“Jane Marple. Look at her well. I tell you, that woman knows more about the different kinds of human wickedness than anyone I’ve ever known,” says a character in an Agatha Christie story.
In another story, Miss Marple explains, “Human nature is much the same everywhere, and, of course, one has opportunities of observing it at closer quarters in a village.”
And it’s her gift, “a certain knowledge of human nature,” as she explains it, that propels Miss Marple’s sleuthing across 12 novels and 20 short stories.
I teach a course on Gender, Race and Class in British Murder Mysteries and Crime Dramas, and my students are always surprised at just how much we can learn about human nature and systems of oppression by reading crime fiction. At the core of the best crime fiction is a moral universe that explores justice and the myriad ways it is achieved — or not.
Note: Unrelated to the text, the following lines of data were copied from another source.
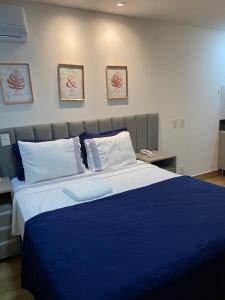 坎普斯戈伊塔卡济斯Flat no Transamerica Hotel的一间卧室配有一张大床,提供蓝色的床单和枕头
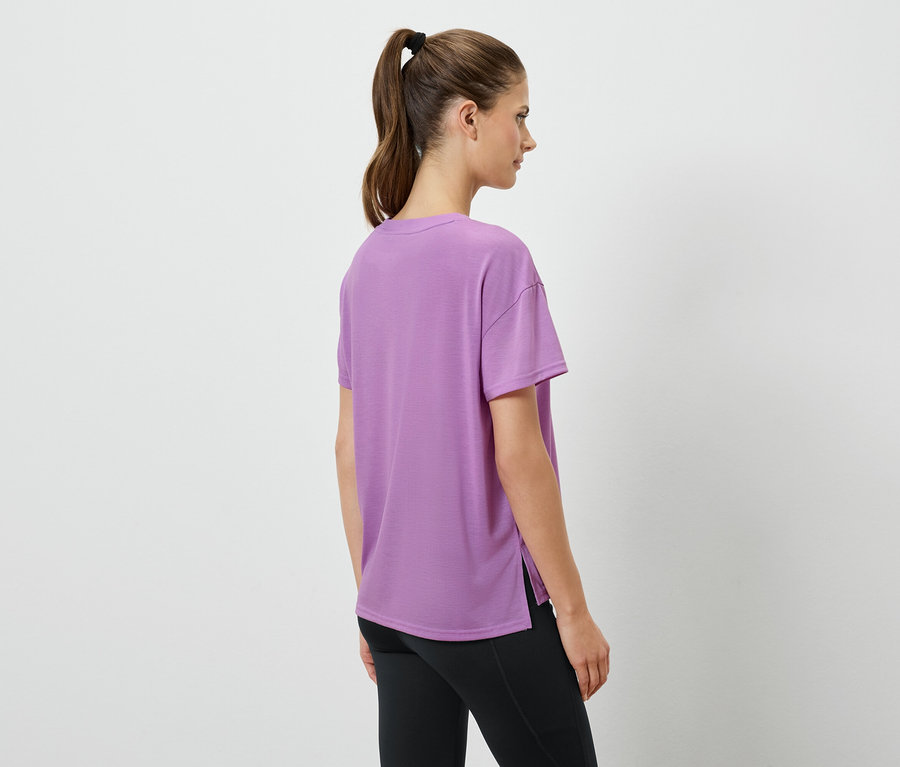 Frau in Lavendel T-Shirt und schwarzen Leggings steht mit dem Rücken zur Kamera.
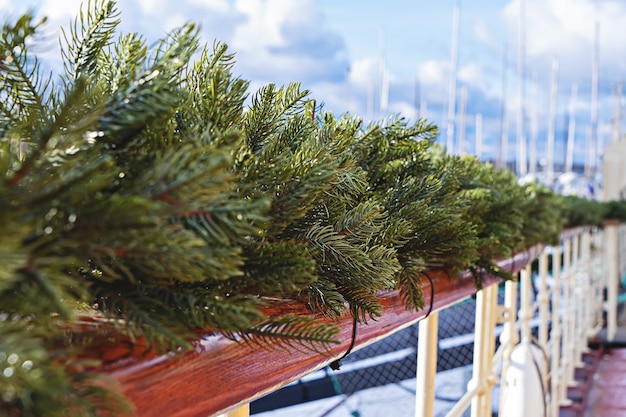 Houten leuning versierd met dennenkrans en kerstverlichting. buitendecor tijdens de kersttijd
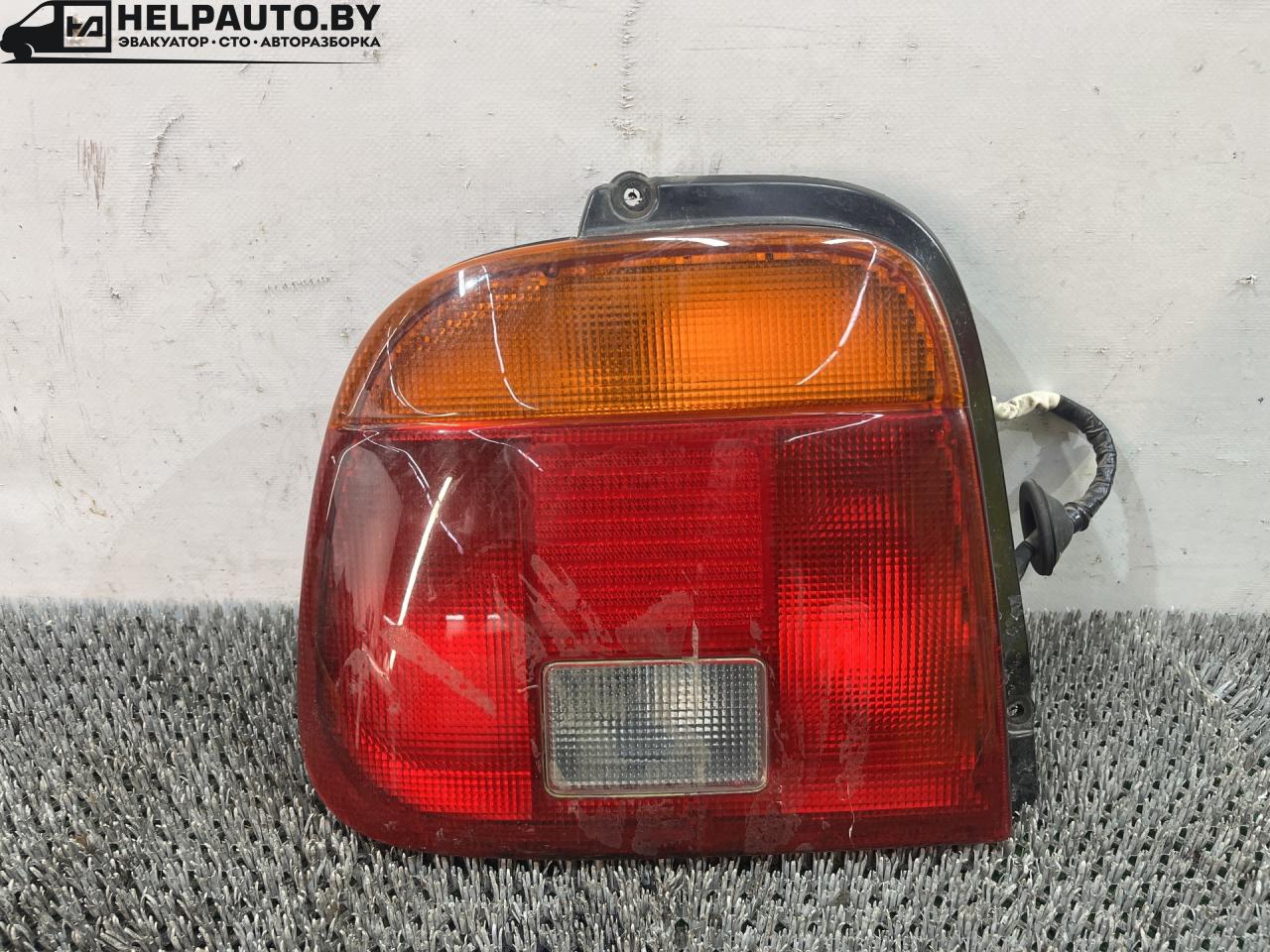 фонарь задний левый Suzuki Baleno 1 поколение 2002, 1.5 л., бензин, МКПП, чёрный, седан, 220-32021, 12V215W - фото №1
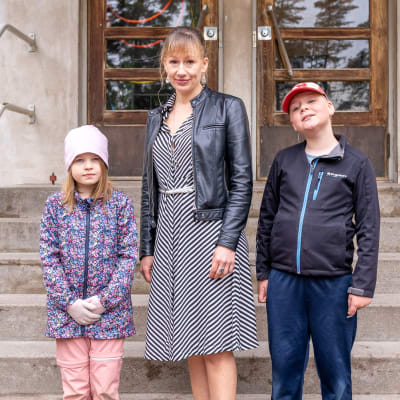 Två elever och en lärare står vid en stentrappa till en gammal skolbyggnad från 1950-talet. Den ena eleven har axellångt hår och en rosa möss och blommig rock och den andra röd keps och svart jacka. Läraren bär randig klänning och en svart läderjacka.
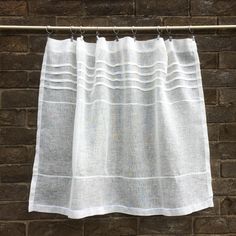 a white curtain hanging on a brick wall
In this present moment of moral and ethical crises — and a good dash of dystopia — British murder mysteries actually have a lot to teach us. I’ll use examples from some of the novels I teach so you can start your own reading list if you’re not already a fan.
Central to these stories is an act (or acts) of violence that disrupts the community and the social order. Many crime novels satisfy our desire for justice by making sure that by the end of the novel the killer is identified, arrested and jailed. Justice is served, we feel.
“They point to much deeper human struggles, social issues and systemic failures, even as they entertain us with a bloody suspenseful story.”
The novels I teach are rarely that simple. They point to much deeper human struggles, social issues and systemic failures, even as they entertain us with a bloody suspenseful story.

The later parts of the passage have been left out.